The garden is tucked behind the imposing, 12th-century ruins of Helmsley Castle, including a five-acre garden and a 250-year old walled wonder that was once famous for the flowers, vegetables and fruits that it provided for the Duncombe Park gentry. 

Hemsley Garden is also considered a place for reflection and healing by utilizing the soothing power of nature’s gifts.  

“Being surrounded by nature is far more sensory than being in a studio,” says Dixie Egerickx (Mary Lennox), ”When you can hear the birdsong and smell the flowers and feel the grass, it’s much easier to believe that you’re actually in the story you’re telling.”

Duncombe Park, Helmsley

On the big screen, Duncombe Park is the imposing and fictional Misselthwaite Manor (the ancestral home of Lord Archibald Craven) in The Secret Garden, which also includes a Father Time Sundial sculpture and a splendid passageway of trees.

This location is quite apt for the new movie adaptation. The grounds have a ruined castle as a backdrop and a walled “secret” kitchen garden.  

Duncombe Park is regarded as one of Yorkshire’s prime historic houses and is located near Helmsley, burrowed around 450 acres of North York Moors parkland. 

The large and stately building, which dates to the early 18th century, is no stranger to film and TV crews. Over time, it has become a favourite film setting for period drama productions.

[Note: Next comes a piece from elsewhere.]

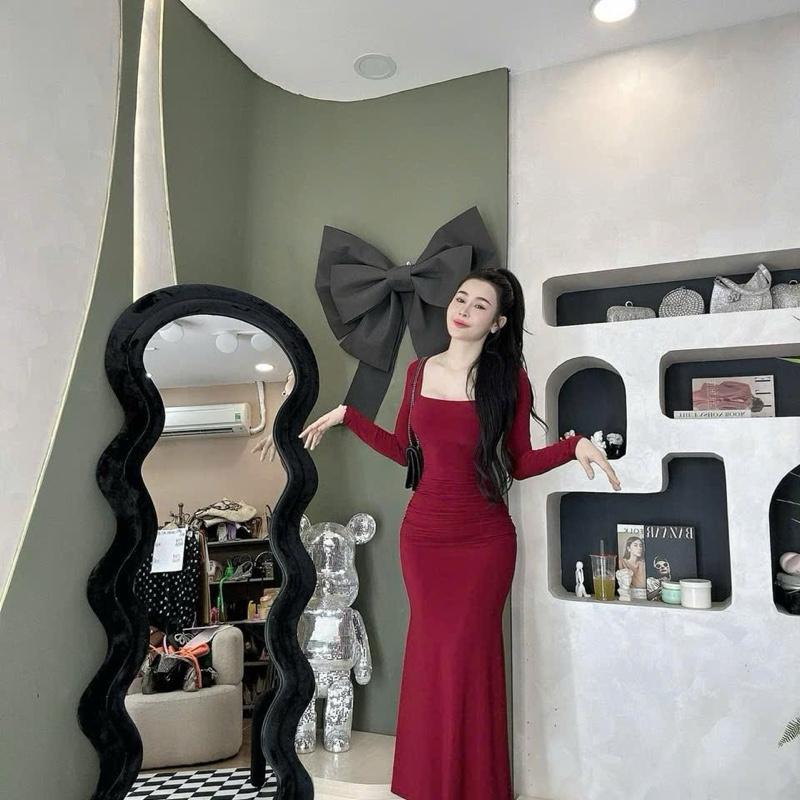 Đầm body cổ vuông tay dài , không kèm phụ kiện , thiết kế dáng đuôi cá , ôm eo. Phù hợp cho nàng đi tiệc đi chơi . 3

Prior to playing host to The Secret Garden, it has been featured earlier in ITV’s Victoria, BBC One’s Parade’s End, The Thirteenth Tale and Dad’s Army.

Knebworth House, Hertfordshire

Film-friendly Knebworth House in Hertfordshire provided the internal scenes of the movie, The Secret Garden. 

Though the exterior holds exquisite, inspirational appeal with its gargoyles, domes and turrets, its interior reveals excellent examples of different periods in history, including extensive gardens, farms, lakes, parkland, cottages and woodland. 

For more than 50 years, Knebworth House has hosted many films and TV crews and music videos. 

Coincidentally, this stately home and Colin Firth have a bit of history together. One of the aforementioned famous acts is the movie The King’s Speech starring Colin Firth. He shot scenes in the house and went on to win an Oscar at the Academy Awards for his role as the future King George who had a speech impediment.

Another of Firth’s films, St. Trinian’s 2: The Legend of Fritton’s Gold, was filmed in Knebworth House and served as the imagined, notorious girls’ school.

Fountains Abbey, Rippon, Yorkshire

A UNESCO World Heritage Site, this location also featured in the 1993 film version of The Secret Garden, starring Dame Maggie Smith. It makes a comeback as an adventure playground in this latest screen adaptation of the book, providing breathtaking landscapes for several shots in the movie. 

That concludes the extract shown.